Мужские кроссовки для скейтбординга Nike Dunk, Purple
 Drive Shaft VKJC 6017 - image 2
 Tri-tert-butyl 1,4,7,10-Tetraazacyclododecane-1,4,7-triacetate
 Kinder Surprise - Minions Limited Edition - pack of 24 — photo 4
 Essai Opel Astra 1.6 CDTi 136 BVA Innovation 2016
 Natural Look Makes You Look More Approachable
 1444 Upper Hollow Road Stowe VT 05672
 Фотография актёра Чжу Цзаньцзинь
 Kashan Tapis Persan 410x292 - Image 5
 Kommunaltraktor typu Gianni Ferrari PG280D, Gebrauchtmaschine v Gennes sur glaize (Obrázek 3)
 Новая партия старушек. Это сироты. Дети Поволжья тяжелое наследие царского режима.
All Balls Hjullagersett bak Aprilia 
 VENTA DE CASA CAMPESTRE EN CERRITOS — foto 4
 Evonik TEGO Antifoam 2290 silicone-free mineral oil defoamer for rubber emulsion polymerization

○ ○ ○

◆ EXERCISE DESCRIPTION:
Retype the material in full. Each word must match.

◆ SOLUTION:
Мужские кроссовки для скейтбординга Nike Dunk, Purple
 Drive Shaft VKJC 6017 - image 2
 Tri-tert-butyl 1,4,7,10-Tetraazacyclododecane-1,4,7-triacetate
 Kinder Surprise - Minions Limited Edition - pack of 24 — photo 4
 Essai Opel Astra 1.6 CDTi 136 BVA Innovation 2016
 Natural Look Makes You Look More Approachable
 1444 Upper Hollow Road Stowe VT 05672
 Фотография актёра Чжу Цзаньцзинь
 Kashan Tapis Persan 410x292 - Image 5
 Kommunaltraktor typu Gianni Ferrari PG280D, Gebrauchtmaschine v Gennes sur glaize (Obrázek 3)
 Новая партия старушек. Это сироты. Дети Поволжья тяжелое наследие царского режима.
All Balls Hjullagersett bak Aprilia 
 VENTA DE CASA CAMPESTRE EN CERRITOS — foto 4
 Evonik TEGO Antifoam 2290 silicone-free mineral oil defoamer for rubber emulsion polymerization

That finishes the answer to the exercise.